Macy Counsell, who graduated from UA with a degree in elementary education and now teaches sixth grade at Prattville Intermediate School in Prattville, Ala., says the class taught her how to get children more interested in schoolwork. “Just making a kid sit in a classroom and listen to a lesson every day wasn’t enough,” Counsell says. “It really took giving them something to do and something to play with that made them really want to learn about it.”
Counsell says one of her favorite lessons involved the water-tension experiment. The experiment allows kids to see how water will stick to surfaces by watching it flowing out one cup, down a string and into another cup.
Each semester, UA students and children present their projects at a STEM Family Night for kids, parents and community members. Family Night gives parents a window into what their children are doing in the classroom and gives kids an opportunity to showcase their science knowledge.
“The parents are as into the science night as the kids,” Marchant says. “They enjoy learning with their children. They are not in a hurry to leave.”
At Family Night, some parents and kids make plans to recreate experiments at home, Marchant says, adding that the elephant-toothpaste experiment is a crowd favorite. In this experiment, kids demonstrate an exothermic reaction by using chemicals to create a large string of foam from a bottle.
The STEM-gineer program takes place at Woodland Forrest Elementary School in Tuscaloosa and involves 45 to 100 UA students per semester and hundreds of elementary children. UA students visit the school at least once a week, working up to several hours with kids in pre-kindergarten through sixth grade. Each UA student creates and leads at least three lesson plans over the semester. In Fall 2017, more than 500 family and community members attended Family Night. UA students spent approximately 18 hours preparing science stations and presenting experiments at the event.

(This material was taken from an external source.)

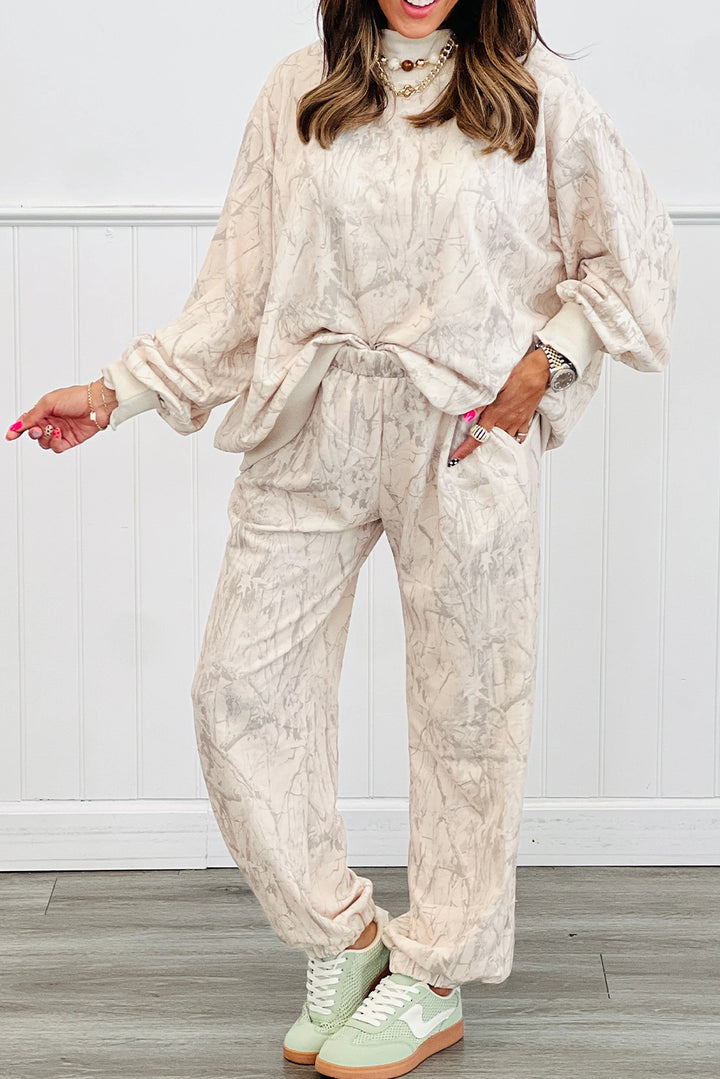 Khaki Camo Print Jogger Pants Set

UA students also learn to make connections to other disciplines when teaching science, to understand and take into account kids’ various learning styles and to assess their teaching techniques. They cover the specific science concepts they’ll be teaching at the elementary school and practice experiments while in class at UA.

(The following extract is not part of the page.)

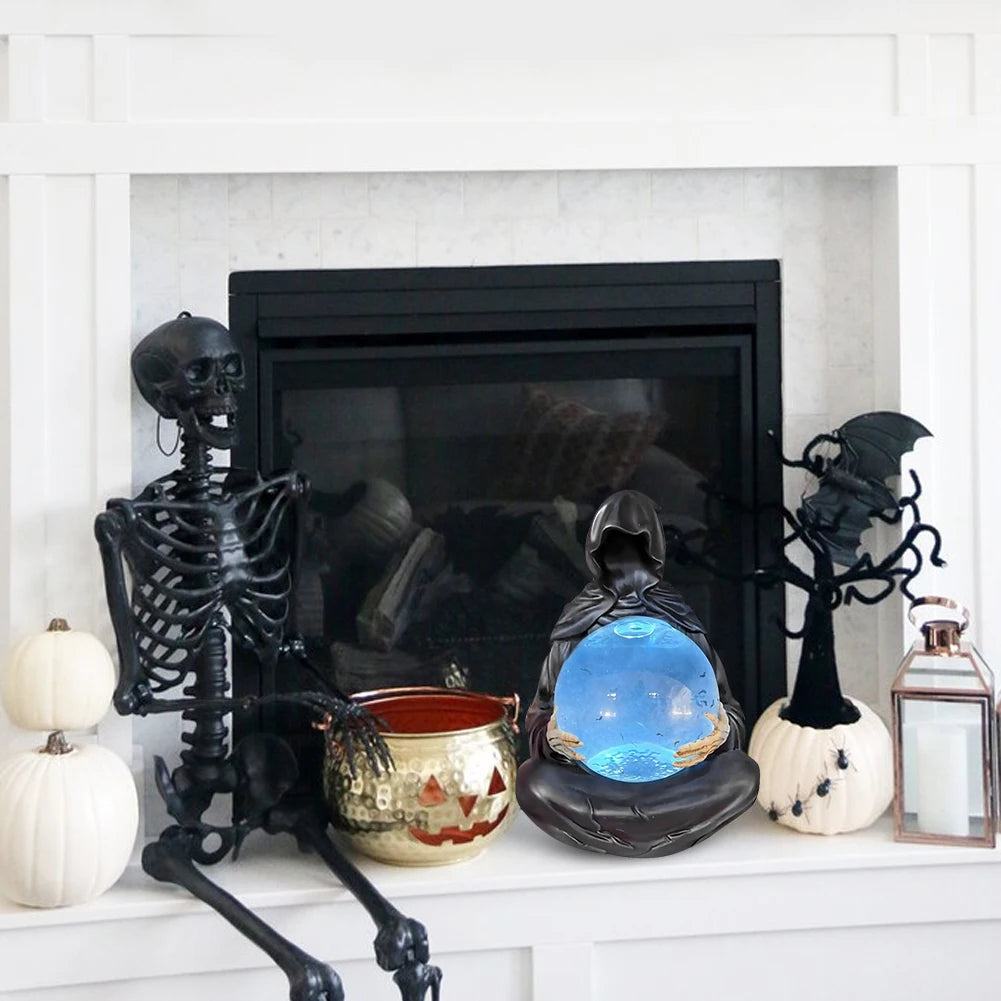 Halloween Gothic Reaper Crystal Ball Grim Reaper Statue with Floating Bats Scary Magical Glowing Balls Home Atmosphere Decor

“Dr. Fowler would model the projects to us and show us how to use them with different grade levels,” Griffith says.
Fowler says she hopes that in addition to promoting interest in science and engineering among children, CEE 304/550 will help strengthen the resolve of future educators.
“I always loved teaching math,” says Griffith, who was a tutor at her high school. “But I was hesitant about getting into the more scientific subjects. This course gave me the confidence to accept a job where I teach science.”